Frank scheffelt die Millionen nicht nur zum persönlichen Wohlbefinden, sondern sieht die Dollar auch als Mittel zum Zweck: zur Versöhnung des finanziell ruinierten Vaters (Christopher Walken) mit seiner materiell anspruchsvollen Frau (Nathalie Baye). Die Realität ignoriert der harmoniesüchtige Sohn dabei: Die Mutter ist bereits zum zweiten Mal verheiratet und zelebriert ihr neues Eheglück mit Mann und Tochter im Bilderbuch-Heim.

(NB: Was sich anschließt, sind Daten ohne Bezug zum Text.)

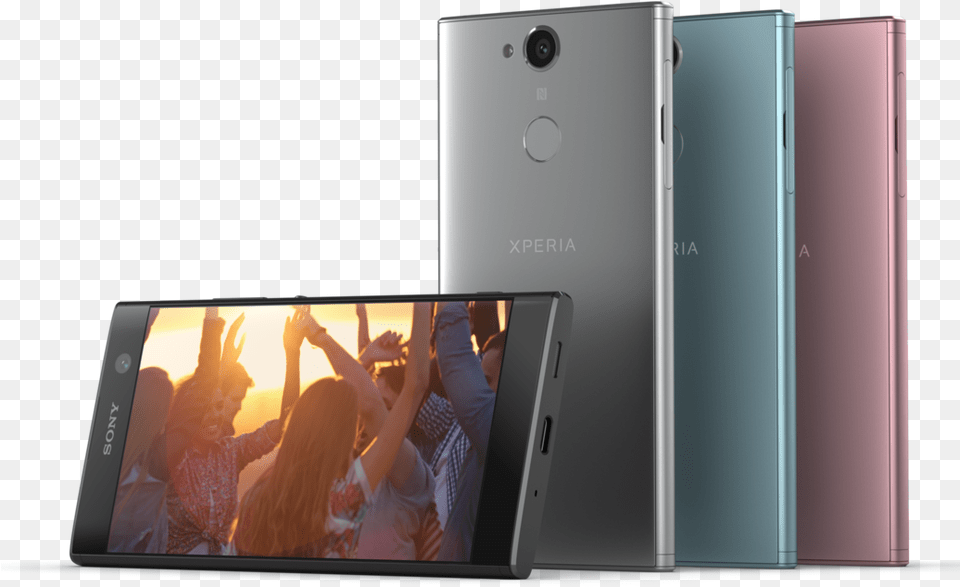 Sony Xperia Xa2 Sony Xperia Xa2 S8 Plus, Mobile Phone, Phone, Electronics, Person Free Png Download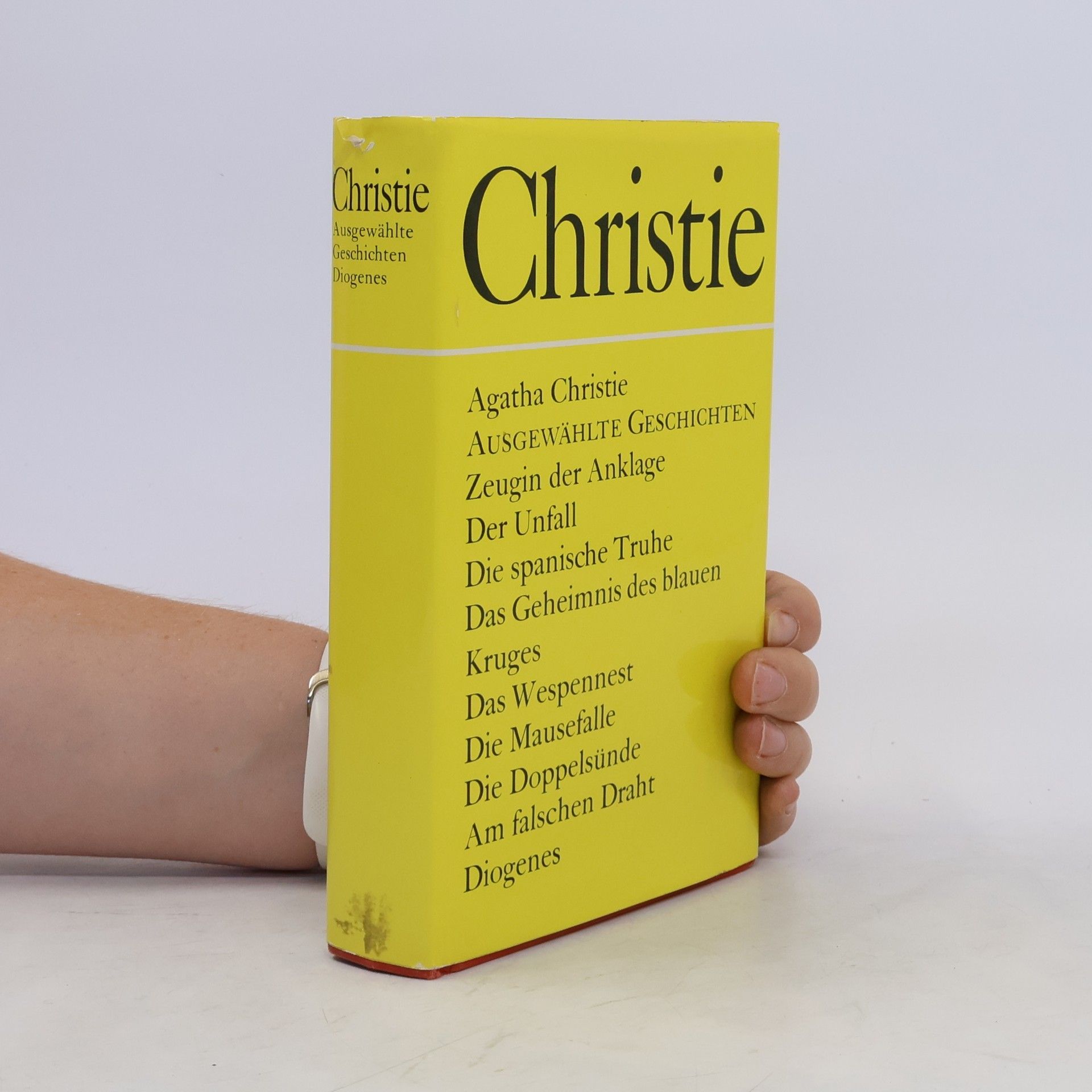 Agatha Christie Christie. Ausgewählte Geschichten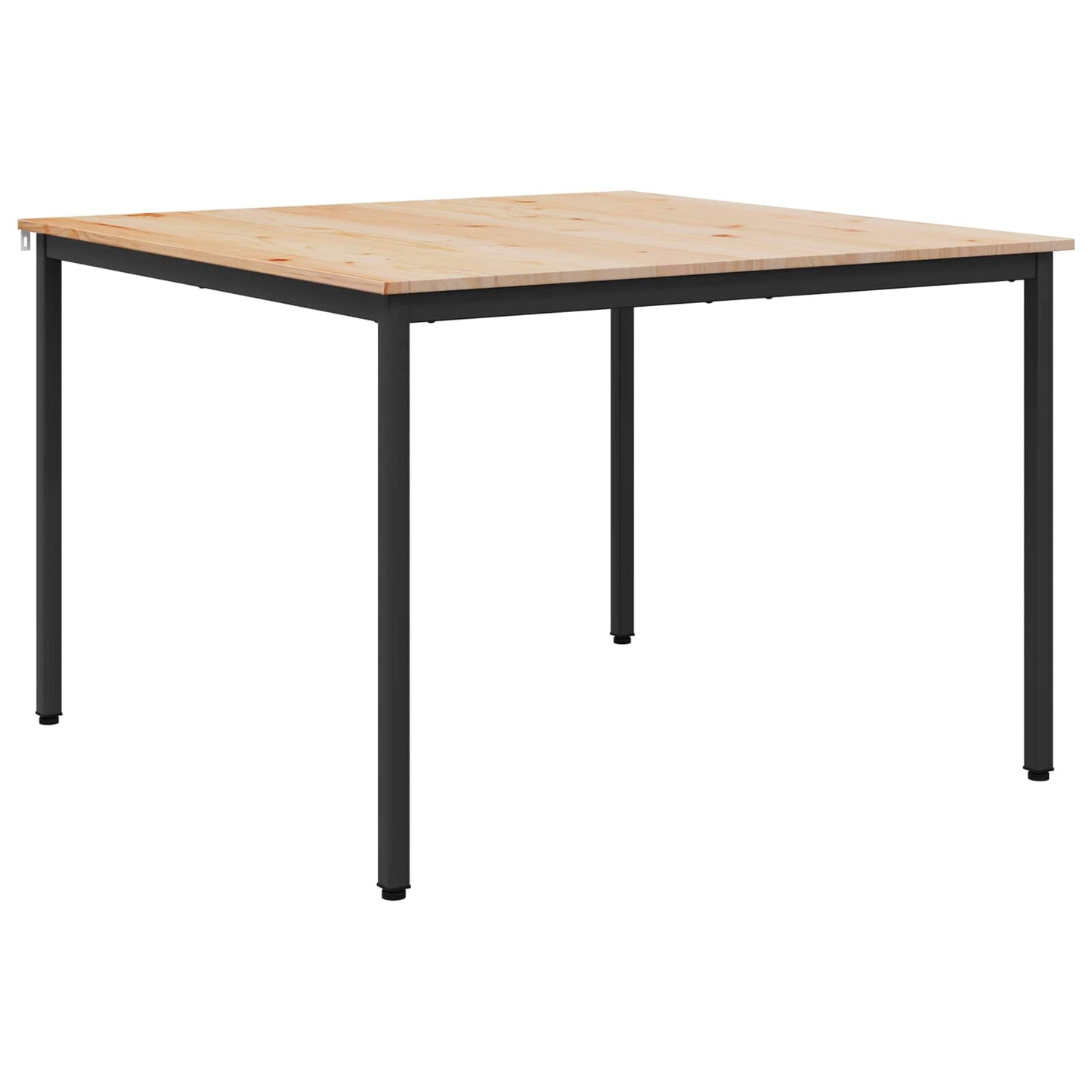 Spisebord Naturlig 110 x 110 x 75 cm Massiv furu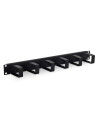 TRITON ORG.CABLU 1U, 6x organizer 70x40,RAB-VP-X21-A1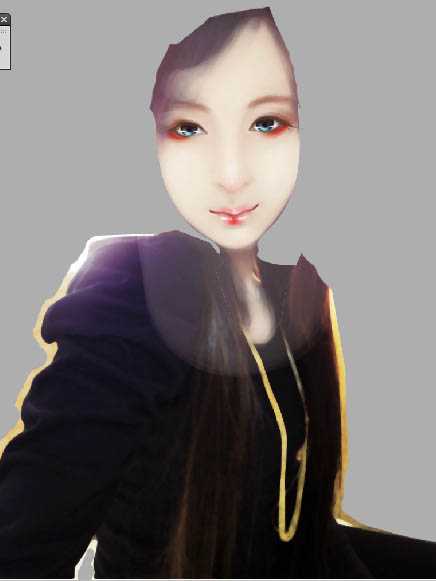 ‘Photoshop将室内人物图片转手绘成梦幻卡通手绘效果‘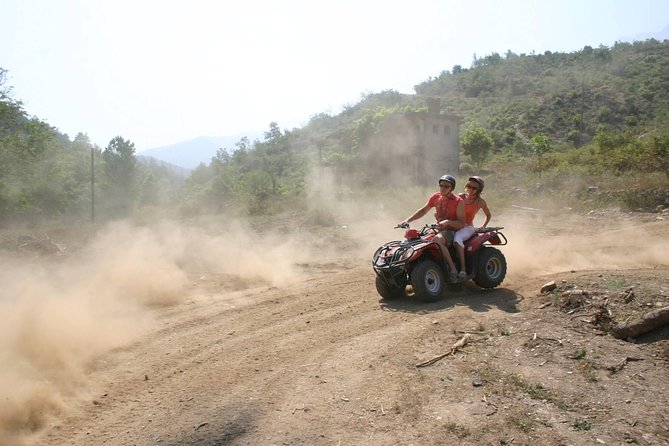 Kusadasi Quad Safari Adventure Included Transfer - Reaching Pamucak Beach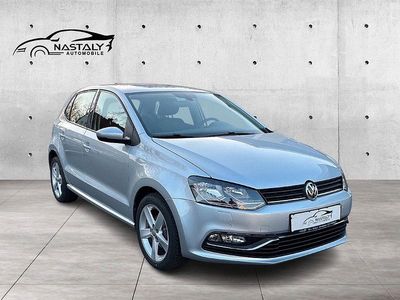 Gebraucht VW Polo Comfortline 90 PS (66 kW) 2015 Silber Kleinwagen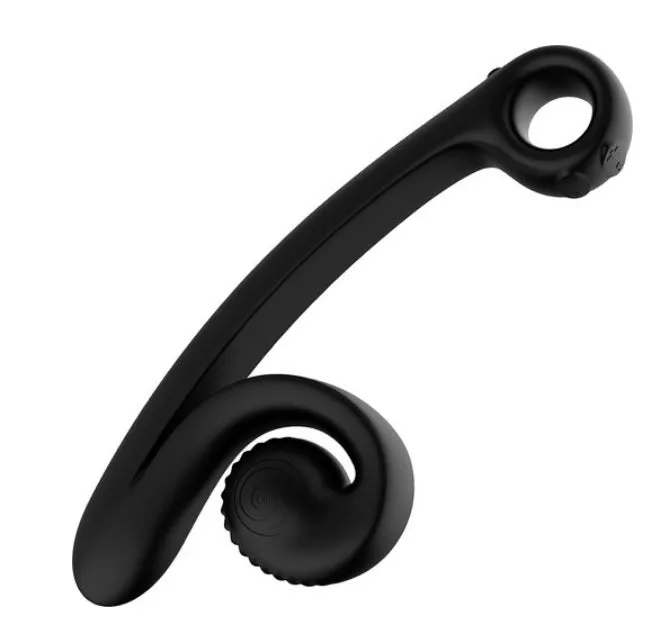 Snail Vibe Vibrators Snail Vibe Clitoral Stimulator Black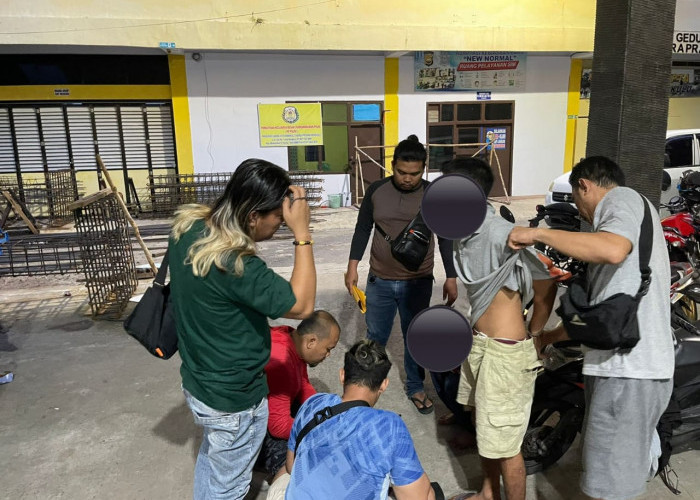 Beraksi di Bengkulu, 2 Curanmor asal Empat Lawang dan Seorang Pelajar Ditangkap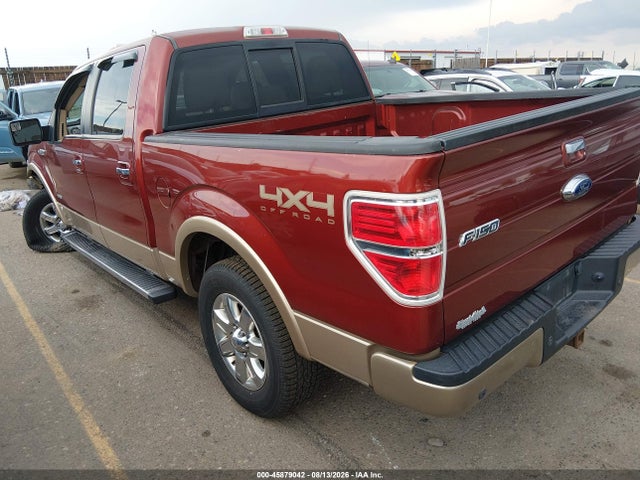 45879042 :رقم المزاد ، 1FTFW1ET1EKE39057 vin ، 2014 Ford F-150 Lariat مزاد بيع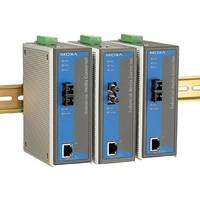 摩莎 MOXA IMC-101-S-SC 10/100BaseT(X) 转100BaseFX 光电转换器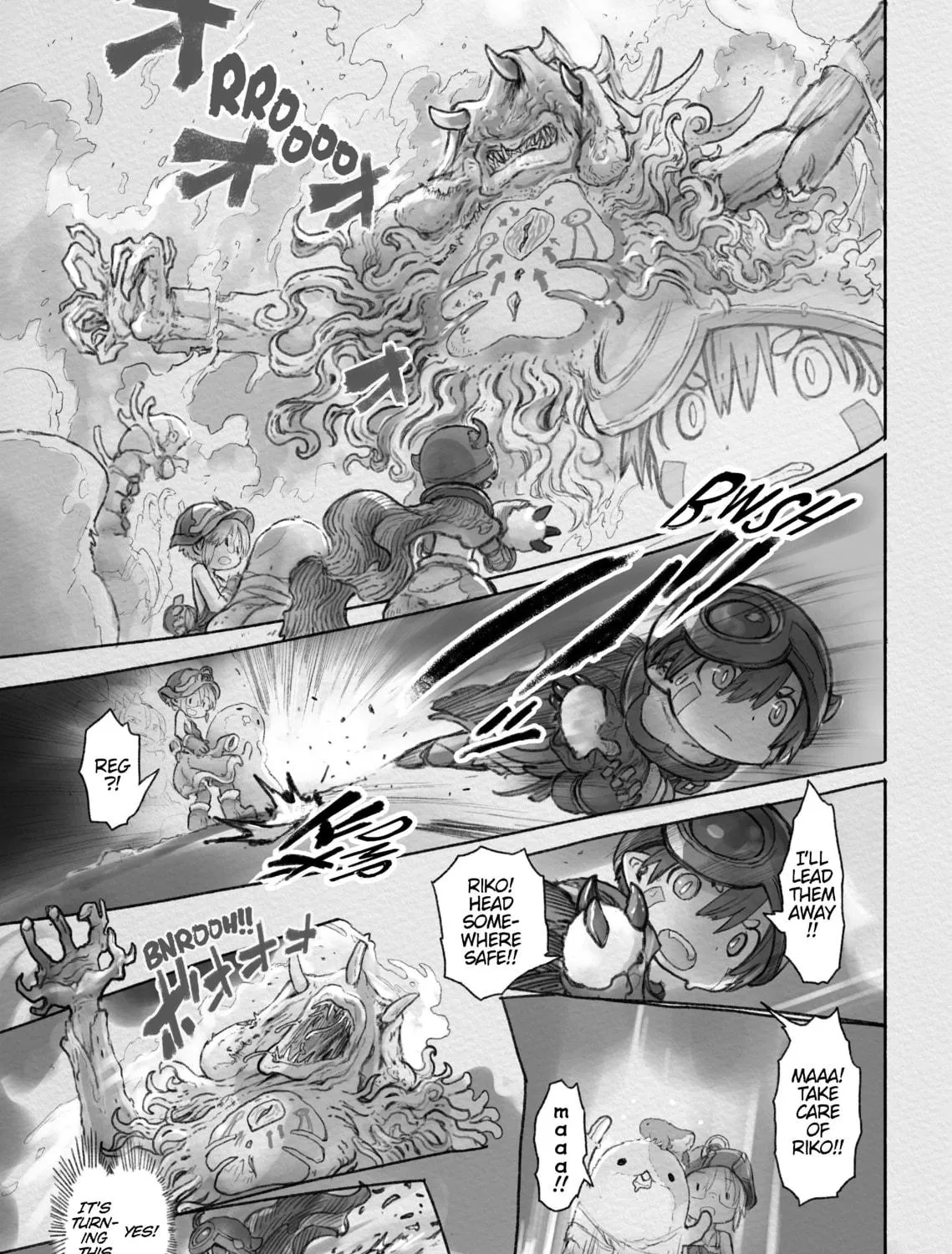 Read Made in Abyss chapter 52 image 48 on Lezhin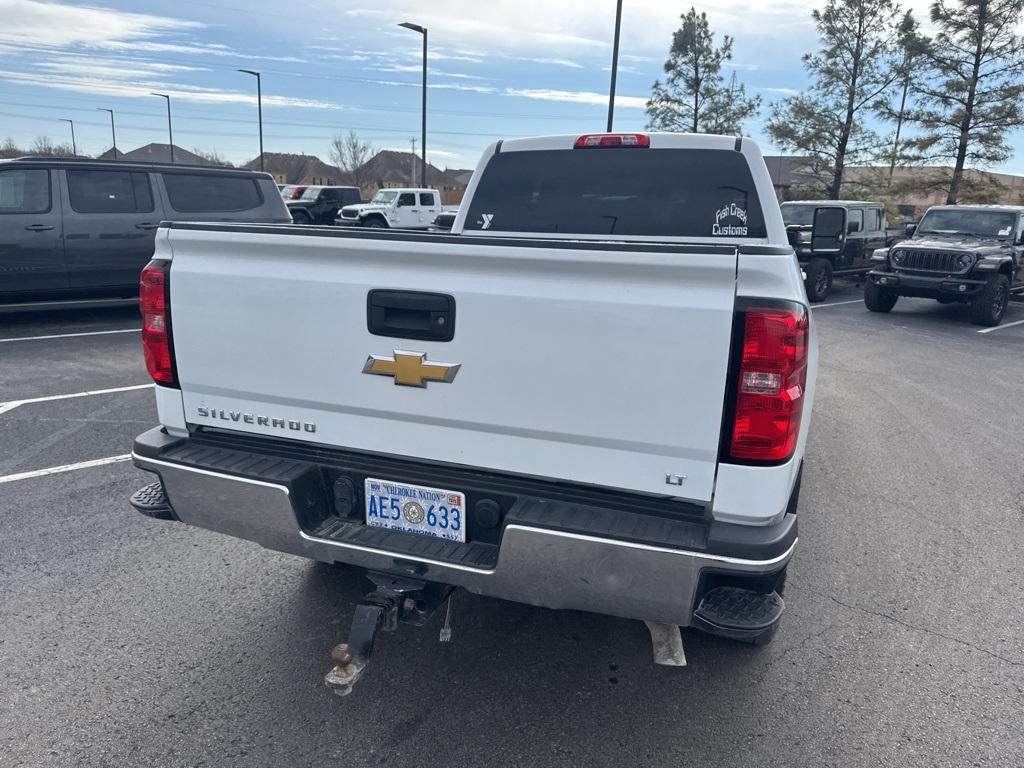 used 2017 Chevrolet Silverado 2500 car, priced at $23,529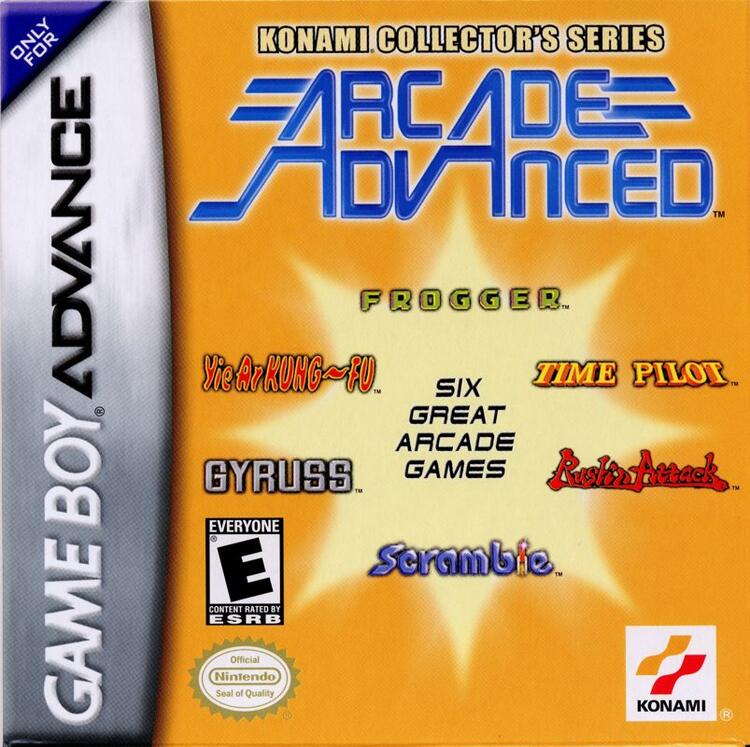Konami Collector's Series Arcade Advanced (Loose) (used)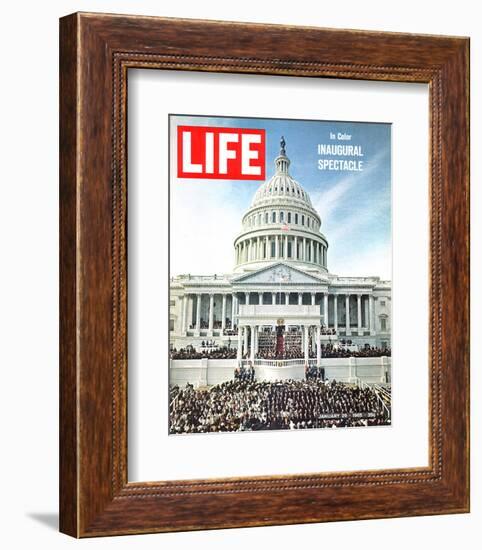 LIFE Inaugural Spectacle 1965-null-Framed Premium Giclee Print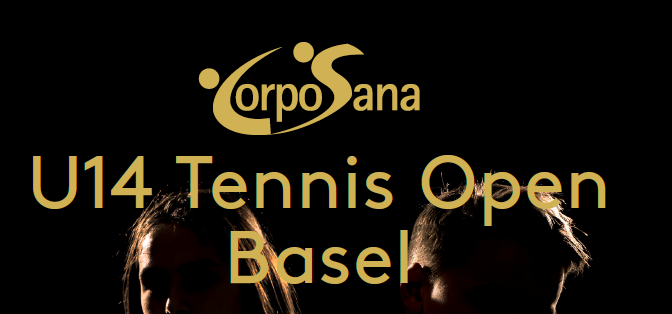 Corposana U14 Tennis Open Basel – Start Hauptfeld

Über das Filmplakat zum farbenfrohen Slapstick-Movie huschen zwei Gestalten: DiCaprio und sein ewiger Verfolger, der humorlose Workaholic Tom Hanks, dessen einziges Ziel der "Fang" des Teenagers wird. Beim ersten Treffen führt Abagnale den Beamten dermaßen an der Nase herum, dass die Verbrecherjagd zum persönlichen Rachefeldzug des bloßgestellten Bürokraten wird. Für Frank wiederum entwickelt sich Carl zum Bezugspunkt in einem unsteten Leben, dessen ständiger Balanceakt im Grenzbereich der Legalität ihn sozial isoliert. Am Ende weist vieles darauf hin, dass ein überforderter Teenager in seinem Schattendasein auf Erlösung hofft. Zu viele Hinweise streut er, die ihn in die Hände der Polizei spielen. Wenn er dann, nach einigen Jahren Gefängnis, als Mitarbeiter des FBIs auf den mausgrauen Korridoren herum läuft, kaum zu unterscheiden von den ebenso mausgrauen Kollegen, weiß man als Zuschauer nicht, ob Steven Spielberg sich eine besonders zynische Variante der Bestrafung ausgedacht hat oder ob diese Facette aus der Autobiografie Abagnales einfach authentisch nacherzählt wurde.

Wie auch immer, als Beobachter im sicheren Kinosessel verlässt man das Lichtspieltheater mit verschmitztem Grinsen und Sympathie für einen Outlaw, der die (Polizei-)Puppen stilvoll zum Tanzen brachte.